Being German I naturally pride myself of belonging to a nation that can organise things. In fact, in line with German modesty, I always thought we were the world champion in getting things done. Not necessarily the best in everything (just most things), but the best overall. Now, Japan puts a serious dent into my patriotic pride. Let’s play a little competition encompassing three disciplines: airport arrival process, train travel, hotel check-out (very appropriate to the start of the 2016 Rio Olympics).

Shinkansen – a valuable player in the Japanese team.

Let’s start with our arrival process in Tokyo’s Narita airport: my expectation was to see millions of little, hectic people running around nervously, an hour wait at immigration and some more thirty minutes at the baggage claim. Very far from the truth: everything was super relaxed, there was no wait at the approximately 20 open immigration counters and when we reached the baggage claim our bags trundled already on the conveyor belt. I don’t even want to compare this experience with Munich’s airport. Certainly a 1:0 Japan. In fact, even better: I don’t know how you feel about people’s behaviour around the baggage claims. I for myself am always surprised why people think that standing as close to the conveyor belt as possible, ideally with a trolley between themselves and the conveyor belt, is a good idea. If I am honest, it is usually one of these situations where I wish that Q had equipped myself with a vaporising wrist watch that I could point at these idiots and turn them into dust. No need for that in Narita: people waited calmly a couple of meters away from the claims area – this, unfortunately, puts Japan in the lead 2:0. Only 60 minutes into the game.

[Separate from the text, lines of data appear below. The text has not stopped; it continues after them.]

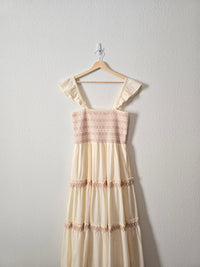 Madewell Cotton Smocked Maxi Dress (M)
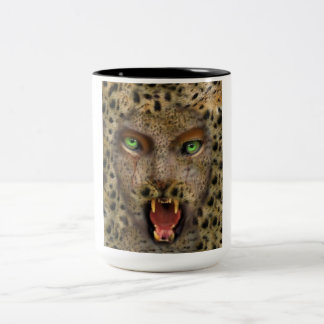 Tasse 2 Couleurs Tasse, femme de léopard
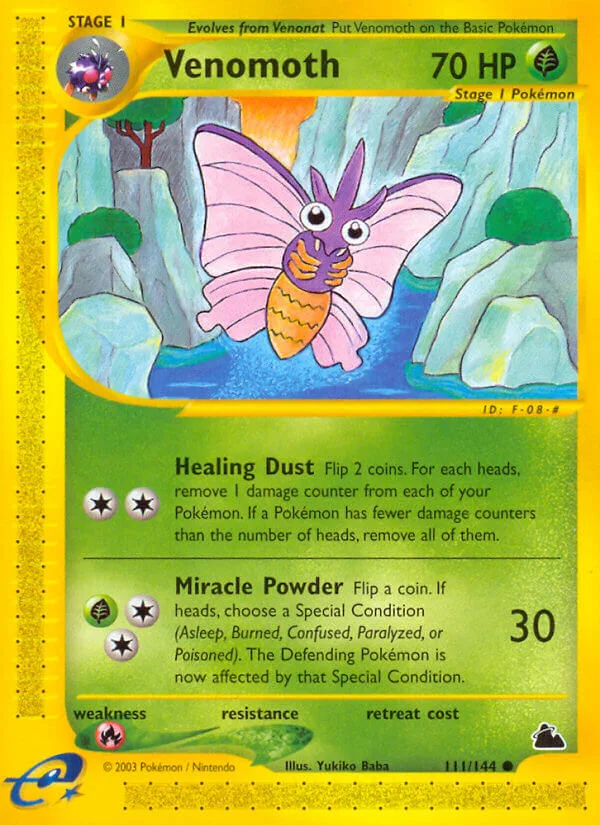 Venomoth, Skyridge 111/144
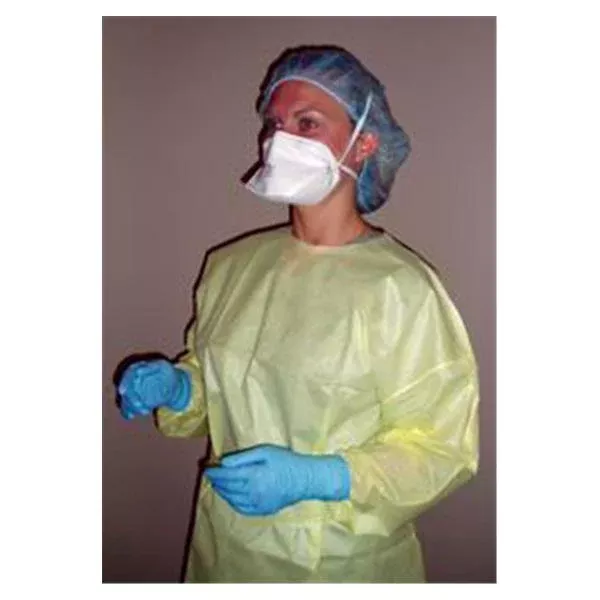 AMD Ritmed Gown Isolation Large Yellow Knit Cuff 100/Ca (A69971)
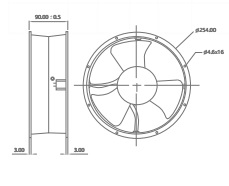 MF25090 Dimensions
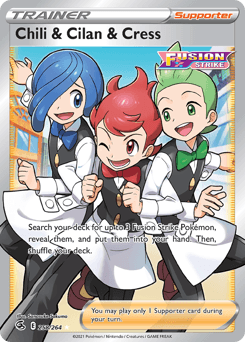 2021 Fusion Strike Chili & Cilan & Cress #258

Next part: train travel. Step one: ticket acquisition. When we arrived at the railway ticket office I thought: bugger! There were at least 15 people ahead of me. Despite the fact that the single queue was served by 6 counters (this could be the 3:0 for Japan: I have a really hard time with these individual queues in Germany where just the queue selection process requires supernatural abilities to detect whether the dork factor in a queue might lead to an extended processing time and thus to a longer wait. But I make this a near miss – Germany should have a chance in the game) I expected at least a 30 minute wait time. Boy, was I surprised when just a few minutes later I talked to a clerk sorting out our seat reservations for our two journeys consisting of 2 legs each. And my surprise increased when the chap, with just a few clicks on this screen, handed me the tickets in virtually no time without a typing orgy. Deadly. Japan scores again: 3:0.

That the Shinkansen is a superb train is not really a surprise. I would see the Shinkansen, the French TGV and the German ICE as THE trains in the world. So I expected no advantage for Japan here. Wrong, unfortunately. A lethal counterattack of the Japanese strikers led to another goal for Japan: 4:0. See for yourself:

Row after row
It would be so nice if our family of four could sit facing each other.
What hey – wait: what’s this?
Family seating
Bingo. No chance for the German keeper. They’ve done it again.


Annotation: the air conditioning in the Shinkansen works. Outside temperature approximately 34° Celsius. But I’m sure they fixed that in the ICE. Didn’t they?

Final discipline: hotel check-out. Not necessarily Germany’s strength, admittedly. But, they’re still doing okay compared to Great Britain or the US, where receptionists usually take about 25 minutes to get the bill printed displaying obvious signs of cluelessness when operating the reception computer (they’re doing ok on the smart phone typing messages to their mates, though). This morning it took me less than 2 minutes to get the bill (correct) printed and pay. Sneaky bastards. That’s the 5:0 in the last minute of the game.

Pooh. That’s a tough nut to crack. But we still have the better pretzels in Germany. Take that. (Even the beer is good in Japan).